Die Mobilität von heute ist in Bewegung. Sie ist längst nicht mehr nur ein Thema für Auto, Bus und Bahn. Digitalisierung und technologische Innovationen haben den Weg für neue Geschäftsmodelle, Mobilitätslösungen und Anbieter frei gemacht. Deswegen gilt es heute schon, Chancen zu ergreifen und die intelligente Mobilität von morgenzu gestalten. Zitat Dr. Isabella Greis

Die im April an den Start gegangene Mobilitätsplattform »Mobility inside« zeigt erste Möglichkeiten für multimodales Informieren, Buchen und Bezahlen.

Um für all diese Anwendungen die nötige Datengrundlage zu schaffen, hat die deutsche Bundesregierung im Oktober 2021 den »Mobility Data Space« an den Start gebracht mit dem Ziel, alle Akteure im Mobilitätssektor zusammenzubringen und den Austausch von Daten zu fördern. Diesen Datenraum nutzen mittlerweile bereits eine ganze Reihe von Teilnehmern, darunter auch Automobilkonzerne und Bundesländer.

In all diesen Bereichen ist jedoch noch viel zu tun, aber das Potenzial ist groß.

Smarte Städte und betriebliches Mobilitätsmanagement

Ein zukunftsrelevantes Thema ist außerdem Smart City, zu deren Kernelementen die smarte Mobilität gehört. Unterschiedliche Städte machen schon heute vor, wie smarte Mobilität und Smart City zusammenhängen, beispielsweise die Stadt Darmstadt, die eine teleoperierte Straßenbahn erprobt hat, Amsterdam mit einem selbstregulierenden Stadtverkehr auf der Basis von Sensoren und Kameras oder auch Santander mit dem Ziel eines multimodalen Mobilitätsleitsystems.

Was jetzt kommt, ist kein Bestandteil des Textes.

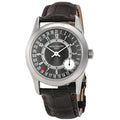 Patek Philippe Calatrava Black Dial Leather – Date Pointer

Im Bereich der Stadtplanung und -gestaltung beobachten wir bereits viele Innovationen. Wichtig hierbei ist, in Regionen zu denken und nicht nur in Städten. Quartiersplanung oder das Bild einer 15-Minuten-Stadt verändern die grundsätzliche Notwendigkeit von Mobilität. Eine Stadt mitten in Europa krempelt ihr Stadtbild derzeit völlig um: Bis 2026 möchte Paris 100 % Fahrradstadt werden. Hierfür werden Flächen umgewidmet und 250 Millionen Euro in Radinfrastruktur gesteckt, ÖPNV und Radverkehr sollen außerdem in Zukunft in der Ampelschaltung priorisiert werden. So geht smarte Mobilität in einer smarten Stadt.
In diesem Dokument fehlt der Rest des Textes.